Meer zicht op Gods soeverein handelen en verkiezen geeft meer vreugde in Zijn genade, is zijn overtuiging. „De gloed van de liefde trekt dan door de verkondiging heen. Het stof waait eraf. Want dit besef is een heilige en intense stimulans om de Schriften te openen, te kloppen op de woorden van de Schrift, net zo lang tot ik de stem van mijn Koning erin hoor.”
De Utrechtse hoogleraar prof. dr. F. G. Immink sprak over de positie van de hervormd-gereformeerde richting in de Protestantse Kerk in Nederland (PKN). Volgens hem heeft de GB een imagoprobleem. „Bij de buitenwacht staan we te boek als een groepering die voortdurend op de rem trapt. In het fusieproces is dat beeld nog eens versterkt. Het was steeds tegen, tegen, en nog eens tegen, welke ruimte er ook geboden werd.”
Het liefst wil hij van dat imago af. „Het klopt ook niet met datgene waar de beweging ten diepste voor staat: bevordering van de bevindelijk gereformeerde geloofstraditie. Een rijke, door en door kerkelijke traditie, diep verankerd in het calvinisme. Niet iets om je voor te schamen.”

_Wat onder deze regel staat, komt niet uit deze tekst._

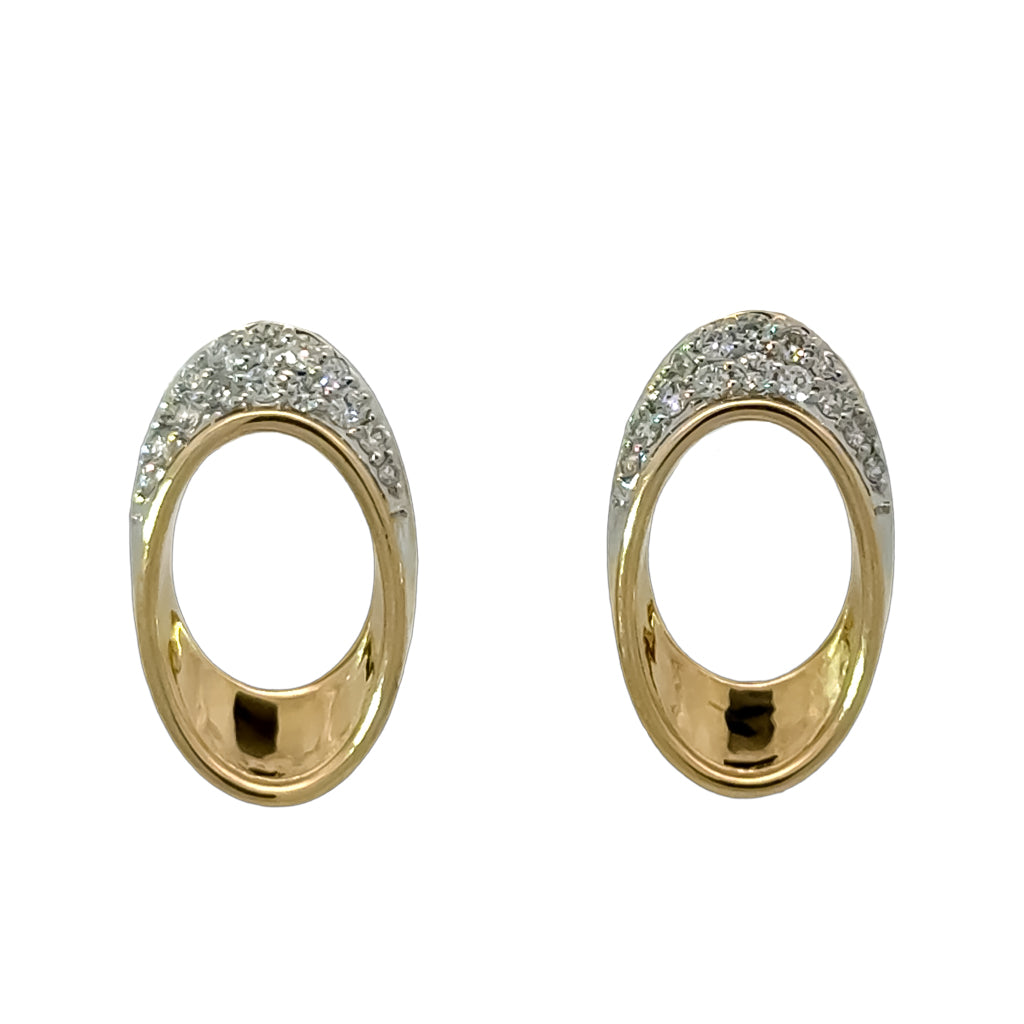 Diamond Earring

Welke plaats neemt de Gereformeerde Bond in in de brede Protestantse Kerk? Prof. Immink: „We willen de PKN voortdurend bepalen bij de gereformeerde grondslag en streven naar bevordering van het bevindelijke leven. Kortom, protestants-gereformeerd met een bevindelijk trekje.” Aandacht voor bevinding en waarheid is naar zijn mening kenmerkend voor de geloofsbeleving in de GB. „Met het woord bevinding komen we in de sfeer van de heilsorde, van de toe-eigening, van de geloofservaring, van de subjectieve betrokkenheid. Met het woord waarheid komen we meer in de sfeer van de belijdenis. Het gaat de GB om „de verbreiding en de verdediging van de Waarheid” in het midden van de kerk.”

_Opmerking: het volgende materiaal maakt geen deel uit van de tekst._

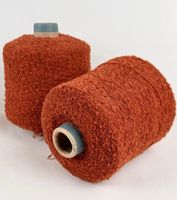 Alpaka Bouclé Rost Konenwolle 8.60fr-100g Strickmaschine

Daarmee heeft de GB de gereformeerde belijdenis hoog in het vaandel staan. „Maar er wordt over gesproken in termen van waarheid en dat klinkt aanmatigend. Alsof je de waarheid in pacht hebt. Waarheid verwijst naar de werkelijkheid van de levende God, naar Jezus Christus, die de waarheid is. Wanneer die verwijzende functie achterwege blijft, zitten we inderdaad verkeerd.”
De GB moet isolement binnen de PKN vermijden, vindt hij. „Als er geen verkeer is met het geheel der kerk, lopen we dan niet rond in het eigen kringetje? Dat is niet gezond. Is het wel verstandig om eindeloos hervormde gemeente te willen blijven in de Protestantse Kerk in Nederland? Het is maar een vraag. Mijn hoop is dat we niet al te zeer het isolement zoeken. Daarvoor is de gereformeerde traditie waarin we staan te waardevol.”

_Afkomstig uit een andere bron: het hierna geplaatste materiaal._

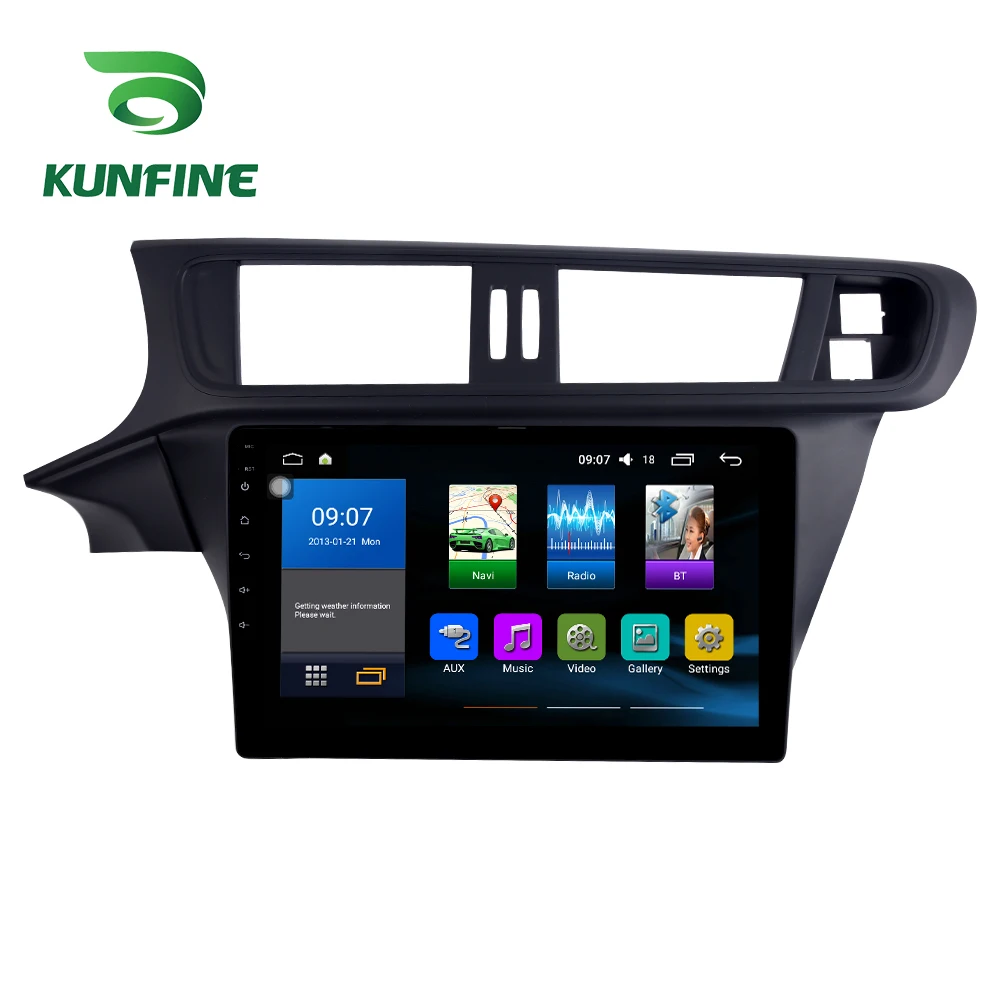 Автомобиль радио для Citroen C C3 XR 2014 2018 Octa Core Android 10 0 автомобильный DVD GPS навигации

Prof. dr. F. A. van der Duyn Schouten, rector magnificus van de Universiteit van Tilburg, sprak over theologiebeoefening in Nederland. Hij benadrukte dat een theologieopleiding haar wetenschappelijke doelstelling serieus moet nemen. In de opleiding zal ruimte moeten zijn voor eigenstandige diepgaande studie. „Student en docent zullen bereid moeten zijn zich op nieuwe en onontgonnen terreinen te bewegen. Uiteindelijk is het aan de kerk zelf om te bepalen wat zij van haar predikanten verwacht en daarbij dan ook te zorgen voor de juiste opleidingsvorm.”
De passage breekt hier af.